* **Work order**
Leaving out the pictures, return word for word the stretch of entries below from the line holding "Czech Beads Exclusive" through the line holding "ST1494 : Platform".

* **Dataset entries**
::::::::

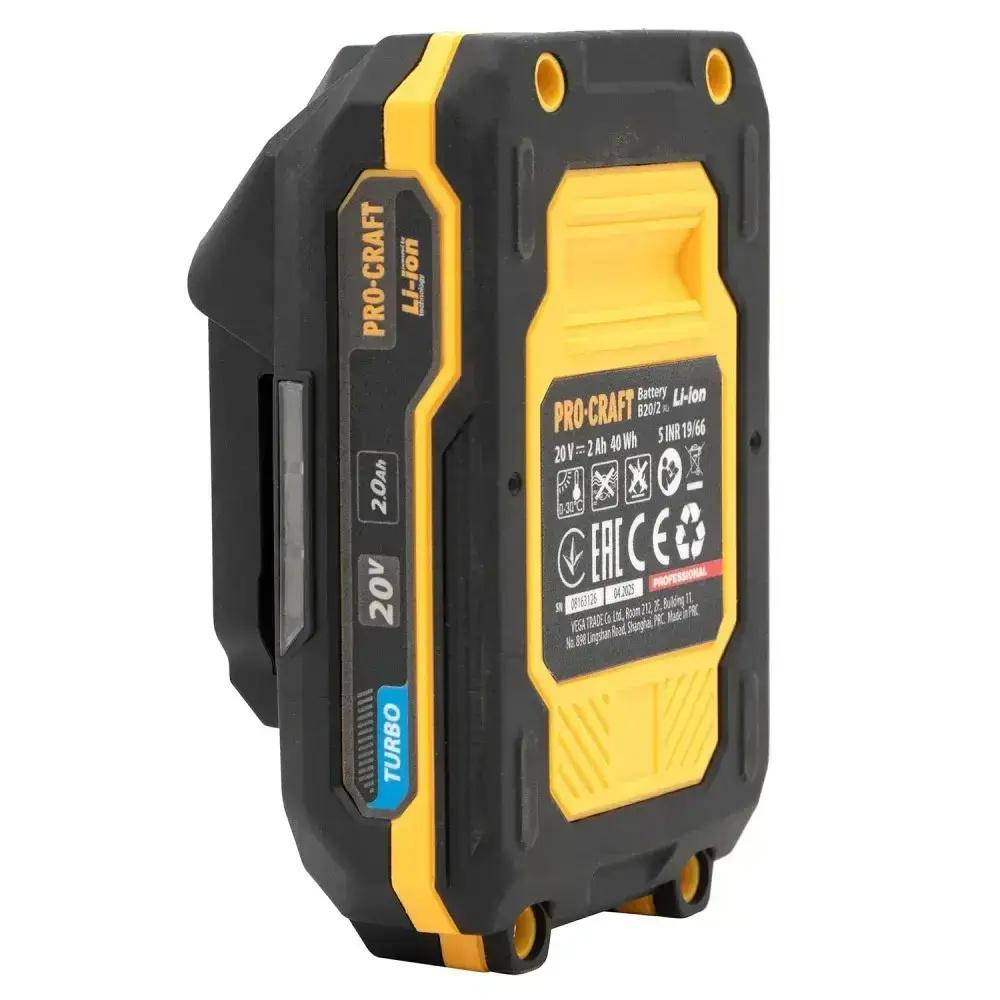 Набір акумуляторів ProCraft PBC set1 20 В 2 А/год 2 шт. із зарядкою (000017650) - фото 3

::::::::

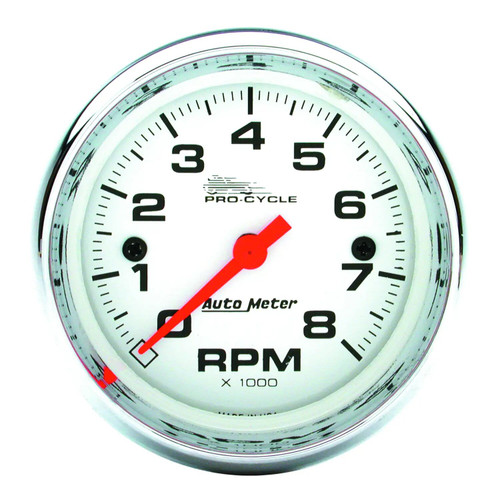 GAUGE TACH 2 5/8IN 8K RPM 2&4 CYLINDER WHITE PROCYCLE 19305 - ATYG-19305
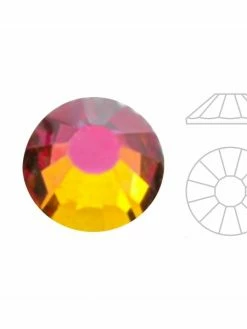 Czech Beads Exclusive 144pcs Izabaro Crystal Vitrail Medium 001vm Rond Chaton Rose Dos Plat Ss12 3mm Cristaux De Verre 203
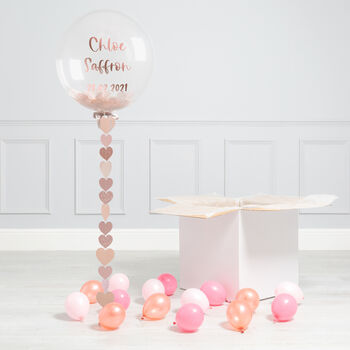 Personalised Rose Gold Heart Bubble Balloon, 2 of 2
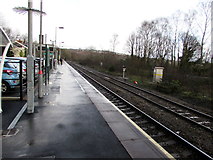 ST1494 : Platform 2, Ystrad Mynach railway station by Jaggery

::::::::

* **Exercise result**
 Czech Beads Exclusive 144pcs Izabaro Crystal Vitrail Medium 001vm Rond Chaton Rose Dos Plat Ss12 3mm Cristaux De Verre 203
 Personalised Rose Gold Heart Bubble Balloon, 2 of 2
 ST1494 : Platform 2, Ystrad Mynach railway station by Jaggery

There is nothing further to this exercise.